I put both fig trees in an insulated, attached garage over the winter. I definitely notice both trees started growing figs before they ever see an ounce of light. However the common fig lost all of its Breba crop meanwhile the brown turkey had a few, but only kept the one pictured above. It’s like the tree knew it could only healthily produce one fig.
When I say protect from cold, I’m talking about hard frost or a light freeze for fresh green branches like you will get from summer pruning. Figs are only hardy if the wood is lignified, and even then a sudden cold snap can damage them.
@hoosierbanana is right to say that growth seems a bit stunted. And I have figs like that too. But my healthier figs have lots of new, long, green stems between leaves, whereas the stunted ones like yours just seem to barely send out new growth at the top (I mean new stem material-they still put on new leaves). For me, the stunted growth is almost always a sign that they have outgrown their pots OR I get it the first year when I move one from a pot into the ground. Seems like it just takes them several months to realize they have unlimited ground to send roots into. Good luck.
I’ve proven that soooo much this year. I put out 3 very large fig trees that were in 1/2 55 gallon drums- now that is a HUGE POT. THey had been in those half-drums about 4 years and sort of stalled out and I was sick of moving those giant things in and out each fall and spring. So I planted them in-ground this spring. They leafed out but have put on almost no new stem growth/height at the tips. I also planted out 3 fig plants that I rooted last summer so they have only been in a pot since last fall. When I put them in the ground the same day as my big figs, they took off like crazy. They are now almost as tall as the 4 year old figs.

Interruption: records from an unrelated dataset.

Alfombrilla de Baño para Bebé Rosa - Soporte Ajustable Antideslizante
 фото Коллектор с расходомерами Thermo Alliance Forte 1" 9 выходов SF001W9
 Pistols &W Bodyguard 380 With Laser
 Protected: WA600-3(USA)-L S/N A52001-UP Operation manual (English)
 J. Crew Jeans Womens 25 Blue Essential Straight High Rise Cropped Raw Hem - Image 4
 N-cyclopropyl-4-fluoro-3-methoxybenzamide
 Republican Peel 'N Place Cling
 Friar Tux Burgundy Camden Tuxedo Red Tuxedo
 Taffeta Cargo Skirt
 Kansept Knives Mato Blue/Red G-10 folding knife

This is my typical long winded way of saying you are absolutely right…young trees do much better . Oh, I also ordered a bunch of bare root trees from Vaughns this year. Vaughns is known for very small trees and mine were indeed tiny and I was a bit worried. But again, they took off like crazy and now most are every bit as large as bare root trees from other vendors that arrive much larger. Yep, young trees are great.